The speaker reflects on his experience of working on a range of pro-poor public welfare programmes which includes coordinating the work of the Gram Swaraj Abhiyan in 63,974 purposively selected villages to implement pro-poor public programmes like Ujjwala for LPG Gas connections, Saubhagya for electricity connections to households, immunisation under Mission Indradhanush, and so on.
His engagement with pro-poor public welfare programmes and programmes for improving rural infrastructure with clear timeline specific outcomes, exposed him to a range of innovations in programme design, implementation, and effective monitoring.

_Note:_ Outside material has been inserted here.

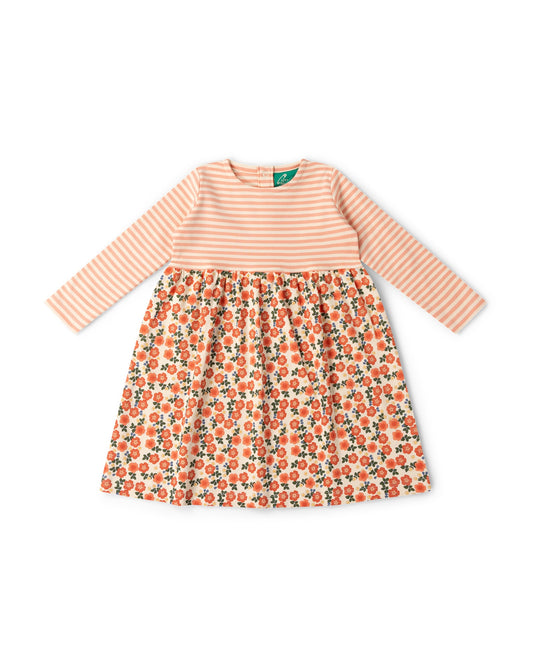 Little Green Radicals Petals Easy Peasy Long Sleeve Dress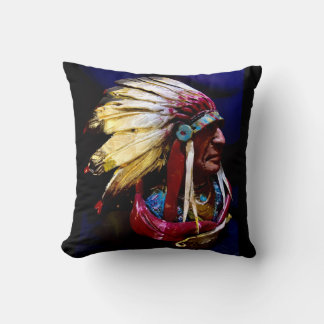 Almofada "Chefe Hunkpapa" arte original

The need to write on what worked, stems from the need to understand the level of plumbing required to achieve outcomes, and what could be done better through new innovations and approaches. Looking at books on public administration and public policy making in India, the speaker was struck by the lack of good evidence-based works that critically analyse the systems of public management, their weaknesses and out of the box solutions.
This volume is the outcome of his experiences acquired over the last few decades. Since there was more than what the last book offered and newer areas where research has yet not delved deep into the nitty gritty of administrative arrangements, this book adds to the body of knowledge and breaks new ground in the study of public management and public policy making for better outcomes and well-being of all.

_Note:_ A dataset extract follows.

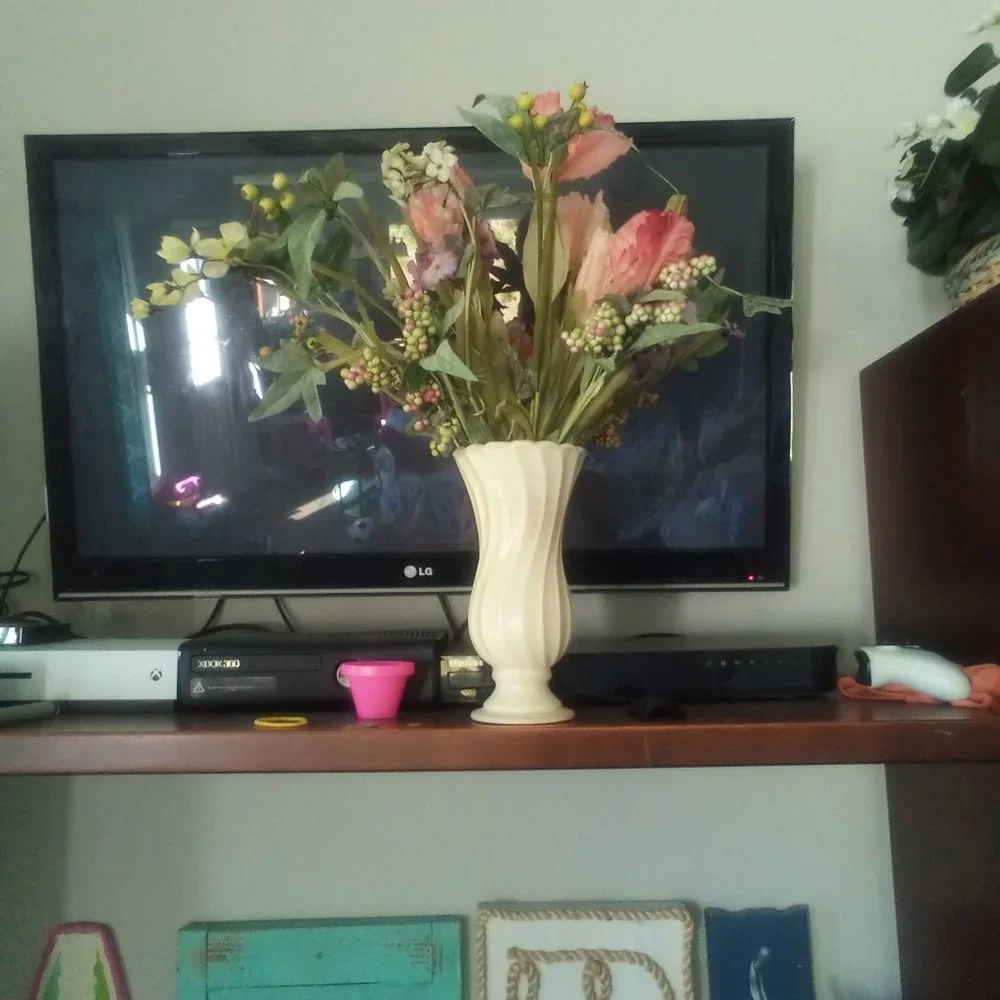 👵EUC Haeger VINTAGE FLOWER ARRANGEMENT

The speaker will talk about implementing policies in a better way to make a new India, that is poverty free and much less unequal, an India that provides social opportunities to every individual to develop her/his fullest human potential through good health, incomes, education, skills and sustainable livelihoods.
Amarjeet Sinha is currently posted as Member, Public Enterprises Selection Board (PESB). He was earlier posted as Advisor to the Prime Minister till 31 July 2021. An Indian Administrative Service (IAS) Officer of Bihar Cadre of 1983 batch, he retired in December 2019 as Secretary, Department of Rural Development, Government of India.

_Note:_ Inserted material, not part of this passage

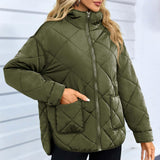 Scarletta - Elegant Padded Zip Jacket, Warm and Stylish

He has 39 years of experience in Government, largely in the rural and social sector. He has had the unique distinction of having played a major role in designing Sarva Shiksha Abhiyan (India’s main programme for universal education), the National Rural Health Mission (NRHM), and in bringing about governance reforms in programmes for rural areas covering livelihoods, employment, housing, social security, skills, rurban development, and road construction.
He also coordinated successfully the work of Gram Swaraj Abhiyan in 2018 to reach seven pro-poor public welfare interventions (LPG, electricity, Bank Account, life and accident insurance, LED Bulbs, and Immunisation) to 63,974 large villages with over 50% vulnerable social group population.
Multi-Dimensional Poverty and its Reduction, Public Policy and Public Management are areas of his work. He has also been training Indian Administrative Service Officer Trainees at the Lal Bahadur Shastri National Academy of Administration, Mussoorie on the social sector for the last 30 years.
He has the distinction of having travelled to over 90% of India’s districts to promote human development initiatives. Sinha has published seven books on public policy and a large number of articles in publications such as Lancet, Economic and Political Weekly, Economic Times, The Hindu, The Indian Express, The Times of India, The Business Standard and The Hindustan Times.